Taptap Send, a mobile-based remittance service that lets people send money to Africa and Asia for “free”, on Thursday announced a $13.4 million Series A raise to support its service expansion.
The New York-based startup was founded in 2018 by Michael Faye, a development economist and former United Nations official. Currently, it provides a mobile money transfer service from eight countries, some of which host a significant number of migrants, such as the United Kingdom, Belgium, Canada, France, Italy, etc.
Meanwhile, the 15 receiver countries Taptap Send supports payments into are predominantly African – including Senegal, Mali, Guinea, Ghana, Cameroon, the Ivory Coast, Kenya, Madagascar, Zambia, DR Congo, Morocco, and the Republic of Congo. The startup plans to add more countries soon.
The Series A was co-led by Canaan Partners and LinkedIn co-founder, Reid Hoffman, along with participation from other unnamed investors. Taptap Send is also backed by the Omidyar Network and Helios, according to a statement on its website.
“Free” international money transfer
Taptap has raised money to expand the scope of its no-fee international money transfer service.
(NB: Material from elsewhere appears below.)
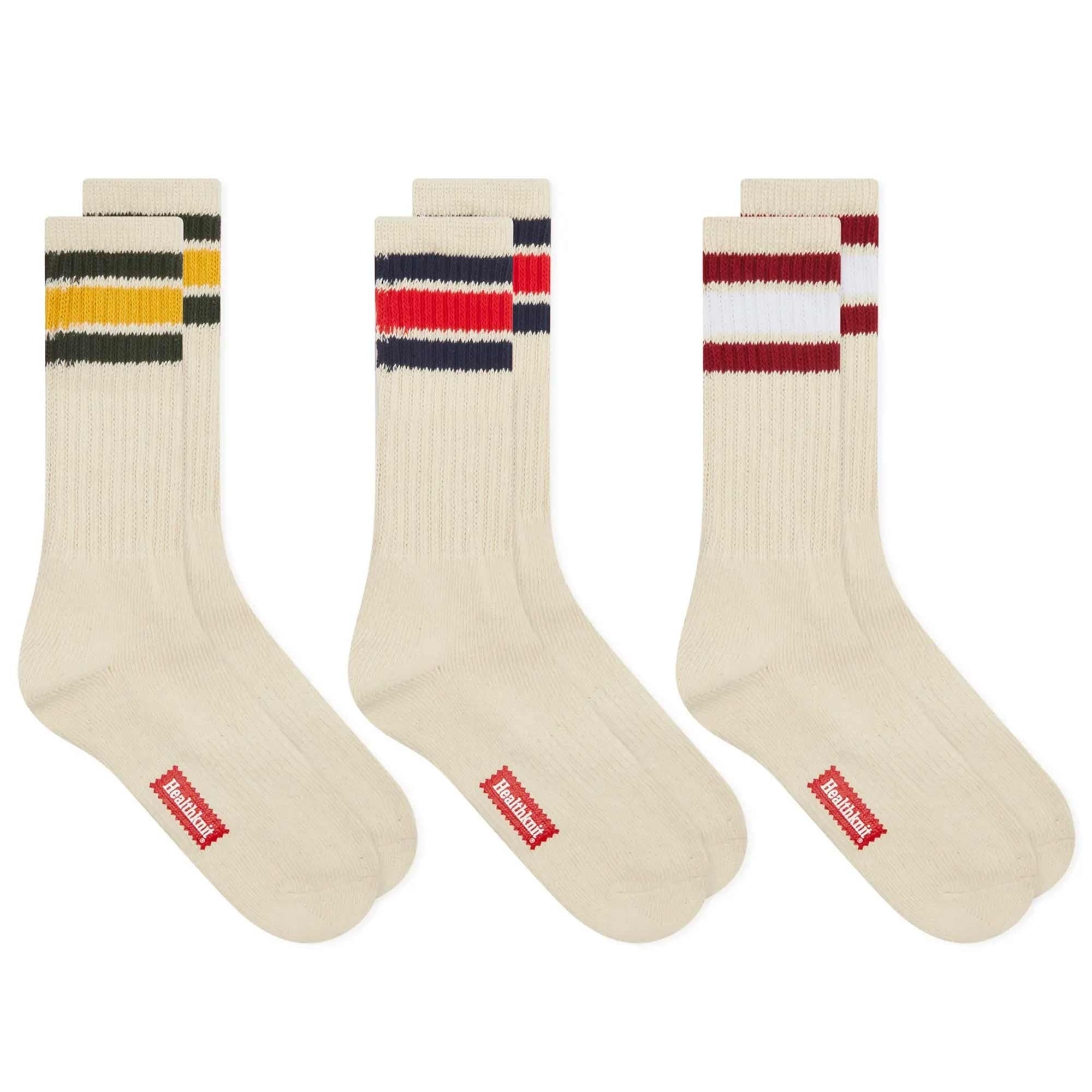 Healthknit 3 Pack Socks - Off White, Blue, Burgundy and Green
The company says it does not charge any commission or fees for transfers. Instead, it makes a cut on foreign exchange with the help of a tech stack that lets it pass on lower exchange rates to its customers.
The startup’s business model also relies on the economics of scale. That is, offering better rates will drive more users. Although this might not mean better margins, it would result in a higher volume of transactions and more returns overall.
“Taptap Send is taking advantage of this structural change in mobile money and other distribution networks to offer what we hope is the fastest and best-price service to customers,” TechCrunch quoted Faye as saying in an interview.
The company’s proposition is sure to appeal to many in Africa, where most remittance recipients have to deal with traditional services that are expensive, can take days to arrive, and have limited reach in rural areas. A significant number of fintech startups are helping to solve these problems, lowering cross-border remittance costs in particular.
Last year, officially recorded remittance flows to low- and middle-income countries reached $540 billion, according to the World Bank.
“Taptap Send has a nuanced, yet powerful strategy that Michael has put into place to allow [it] to be the lowest-cost provider in every market they enter,” said Brendan Dickinson, a general partner at Canaan. “The company gives as much cost savings as possible to the customer, and as a result, is almost always the cheapest player in the market.”
According to Dickinson, all of that makes it economically viable to send smaller remittances and in doing so, expands the total market and volume of remittances sent. “This approach is strongly resonating with customers, as Taptap Send’s massive growth has been 90+% organic.”
Taptap is yet to disclose numbers on its size or customers served. On its website, the company says it’s already moved “tens of millions of dollars and reached tens of thousands of customers.” Faye also revealed that the business overall grew five times in the last year and is posting a profit.